POSNER: Actually, I agree with that somewhat. But I would like to take that a little bit further than...
KAPLAN: Better than prayer, or?
POSNER: Well, it's on a different level. There is an epistemological – epistemology is the branch of philosophy which deals with knowledge and what we know and how we know it. Now, inspiration knowledge is not a knowledge of a thing. It is a knowledge really of reality as conveyed to us by a great artist because that artist understands and appreciates reality in ways that are both immediate to him and also more sublime. Let's look at music now, specifically. Not to give a litany and a whole list of all of the great composers who lived between the period of the 18th century and the 20th century, who even lived specifically in a range of territory from Paris to Vienna. Just look at Vienna. There was a time in Vienna where Franz Josef Haydn, Wolfgang Amadeus Mozart, Ludwig van Beethoven and Franz Schubert walked the streets of Vienna virtually at the same time. A city which, at that time, only had 250,000 inhabitants, had within a period of two generations those four composers, the likes of which we would say, if one of them lived in a century, we could say, as we say in Hebrew, Dayenu, it would have been enough for us. It absolutely borders on the miraculous. And what are these composers, great composers in music, tell us? They tell us something about reality. When Beethoven writes [sings the opening melody of Beethoven's Fifth Symphony], he's not just writing notes. He's telling us something about reality that is so sublime and so mysterious, and that word mysterious then would bring me to the highest and most mysterious realm of knowledge of them all, and that would be revelation knowledge. That is a knowledge of the will of the most high. And this is the kind of knowledge that is so sublime when you study religion. Religion is ultimately revelation knowledge. But to come down one step, music is utterly fantastic and it borders on the miraculous, and that's why we love it so much.
KAPLAN: Well, you know, you ended this very interesting discourse by saying, if we come down one step to music. I think the Pope was suggesting that prayer and music were on equal terms. You don't go that far?
POSNER: I wouldn't go that far but I'd love to speak to him about it.
KAPLAN: Well, do you ever sometimes turn to music instead of prayer at a difficult moment?
POSNER: I turn to both music and prayer at all moments—at light ones, at serious ones. I thank God for the good times and I bless him when times are also not so good, but I am surrounded by both religion and music constantly.
KAPLAN: Do you ever turn to music for consolation?

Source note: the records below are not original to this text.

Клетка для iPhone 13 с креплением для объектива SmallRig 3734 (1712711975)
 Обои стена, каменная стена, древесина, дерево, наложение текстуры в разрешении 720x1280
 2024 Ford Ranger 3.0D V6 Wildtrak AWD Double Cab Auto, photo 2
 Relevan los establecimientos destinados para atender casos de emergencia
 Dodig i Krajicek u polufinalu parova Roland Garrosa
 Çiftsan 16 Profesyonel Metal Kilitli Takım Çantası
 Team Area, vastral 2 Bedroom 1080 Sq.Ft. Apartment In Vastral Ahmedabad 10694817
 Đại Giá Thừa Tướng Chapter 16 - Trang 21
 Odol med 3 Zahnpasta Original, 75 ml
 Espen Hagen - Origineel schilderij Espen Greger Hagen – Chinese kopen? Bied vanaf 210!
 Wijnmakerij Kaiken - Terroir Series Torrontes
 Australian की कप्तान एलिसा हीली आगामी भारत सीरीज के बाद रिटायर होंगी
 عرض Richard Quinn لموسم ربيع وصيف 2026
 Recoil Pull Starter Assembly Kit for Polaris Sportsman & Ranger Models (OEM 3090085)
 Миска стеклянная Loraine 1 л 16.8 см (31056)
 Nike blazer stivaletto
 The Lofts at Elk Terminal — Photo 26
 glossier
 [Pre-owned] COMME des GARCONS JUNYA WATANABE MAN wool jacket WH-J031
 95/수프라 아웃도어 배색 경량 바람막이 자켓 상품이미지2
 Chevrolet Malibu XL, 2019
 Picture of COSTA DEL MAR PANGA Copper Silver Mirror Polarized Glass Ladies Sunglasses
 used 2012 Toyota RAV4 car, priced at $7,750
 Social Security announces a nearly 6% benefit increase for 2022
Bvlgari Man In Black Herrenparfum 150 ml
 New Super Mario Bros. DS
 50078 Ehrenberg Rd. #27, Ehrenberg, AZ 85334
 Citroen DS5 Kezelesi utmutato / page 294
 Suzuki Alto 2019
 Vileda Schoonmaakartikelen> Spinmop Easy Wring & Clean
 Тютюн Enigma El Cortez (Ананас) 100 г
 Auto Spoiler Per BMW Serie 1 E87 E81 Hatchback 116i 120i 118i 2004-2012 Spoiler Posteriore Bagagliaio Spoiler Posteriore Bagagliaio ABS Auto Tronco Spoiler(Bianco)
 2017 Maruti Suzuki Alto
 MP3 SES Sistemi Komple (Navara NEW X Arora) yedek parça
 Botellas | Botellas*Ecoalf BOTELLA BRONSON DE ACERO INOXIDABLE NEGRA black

POSNER: Music for consolation - yes, absolutely.
KAPLAN: And what might you listen to?
POSNER: I especially listen to Beethoven for consolation, because Beethoven has a spirit of heroism and a spirit of the triumph over despair which I think is second to none. In those moments when I have felt personal difficulty, I have turned to Beethoven.
KAPLAN: O.K. Well, this combination of music and prayer, in a way, best shows up in the next portion of our show, which we call the "wildcard," where you can choose music that's not classical music, not opera, but I see you have chosen, nonetheless, classical music, but in a most original setting together with prayer.
POSNER: I do remember when I was younger, ten, eleven years old, I must have stopped by the time I was eleven years old, listening to Elvis Presley recordings, the Everly Brothers, I remember. I thought they were very good country singers. So I chose the Kurt Weill "Kiddush" because this is a jazz version of the "Kiddush", which is the sanctification of God with the instrument of wine, praising God for being the creator of the fruit of the vine, and also thanking God for the Sabbath, on which this particular "Kiddush" is always recited, 52 weeks a year. Temple Emanu-El started to use this version of the "Kiddush" among maybe eight or ten that our Cantor does. And at first the congregation was somewhat uneasy, but after a half a dozen listenings, they were totally convinced and totally sold on a jazz version of the Kiddush, normally that they've always heard in chordal harmonies, very straight, and now with a fluidity that is so appealing and so mystical in its own way.
[Music]
KAPLAN: Kurt Weill's jazz arrangement of "Kiddush", the Hebrew blessing for wine, sung by Cantor Lori Corrsin and the Chorus of Temple Emanu-El in New York, where my guest today on "Mad About Music", David Posner, serves as the Senior Rabbi. This unusual setting for "Kiddush" was Rabbi Posner's "wildcard" selection. When we return, we'll discuss whether music can play a role in fostering peace in the Middle East.
[Station Break]
KAPLAN: This is Gilbert Kaplan with my guest today on "Mad About Music", the Senior Rabbi of New York's Temple Emanu-El, David Posner. You know, you were saying before how much the congregation was leery at first and then embraced this Kurt Weill arrangement of "Kiddush", the prayer for wine. Now traditionally, all music in the Synagogue is in the minor key. But at Temple Emanu-El, some of the prayers are now in a sunnier major key. Do you think it is a good idea to abandon these traditional prayer melodies?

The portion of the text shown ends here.